Question:
Do I need a better compiler?
superfly
2012-04-25 13:12:06 UTC
I'm trying print out all of the values in the array I created. But I can't find an online compiler that can print out all 40,000 values. I've already tried Codepad.org and it wont print it all out. Is it just my source file or the compiler? If anyone could tell me of a free compiler for C++ that could print out all of the values, then I would really appreciate it.

#include

int main(){

int array[200][200], r, c, x=0;

for (r=0; r < 200; r++) {
for (c=0; c < 200; c++){
array[r][c] = x;
cout << x << " ";
x++;
}
cout << endl;
}


return 0;
}
Three answers:
SteveO
2012-04-25 13:24:30 UTC
Most compilers for C++ are free, but they aren't online at all. You can download and install Visual C++ Express, and that comes with the free Microsoft C++ compiler that is really good for Windows; you can run GCC or Clang (I prefer GCC) through MinGW on WIndows, or it runs natively on OS X and Linux. Compilers start having issues when they being compiling over the internet due to the fact that compiling is a very processor intensive process.
husoski
2012-04-25 21:01:19 UTC
The source file is fine. I see that CodePad.org reports a timeout.
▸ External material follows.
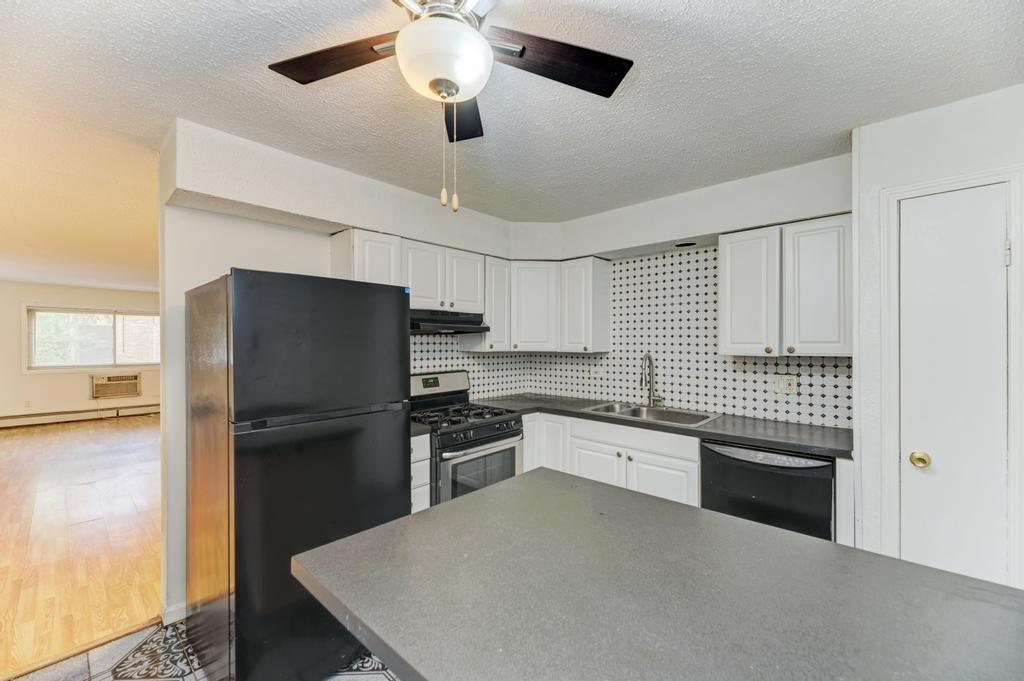 1313 Rebecca Road, Unit 111 Lombard, IL 60148 - Photo 8 of 20 Gallery Image 8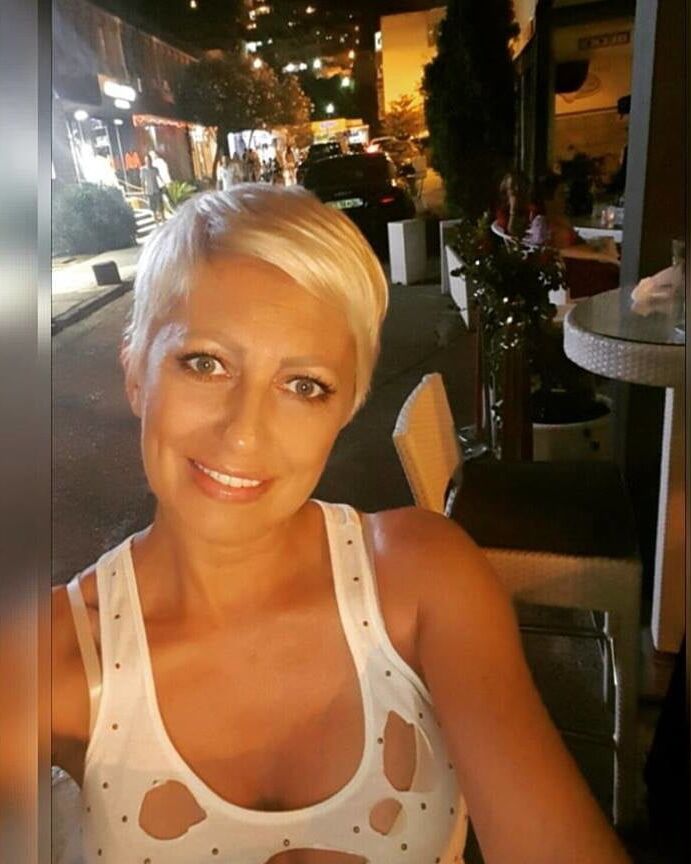 Short Haired Milf Blonde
I'll guess that the real problem is the volume of output because it runs all 200 lines when I add an "if (c < 10) " prefix in front of the cout line to print only the first 10 items on a line.



If you are working on a computer that you can install software on, the GNU C and C++ compilers are excellent, and about the most free piece of software on the planet. There's a port of these, plus related tools, for just about every operating system that has any sort of C++ compiler at all.



For Windows, the MinGW port of GNU GCC/G++ and the Code::Blocks IDE make a decent development system. Code::Blocks is available on Linux, Unix and MacOS as well. Both GCC and Code::Blocks are open source.



Also, for Windows *only*, you can download a free-to-use Visual C++ Express edition from Microsoft. That gives you a C and C++ compiler, plus and editor and debugger.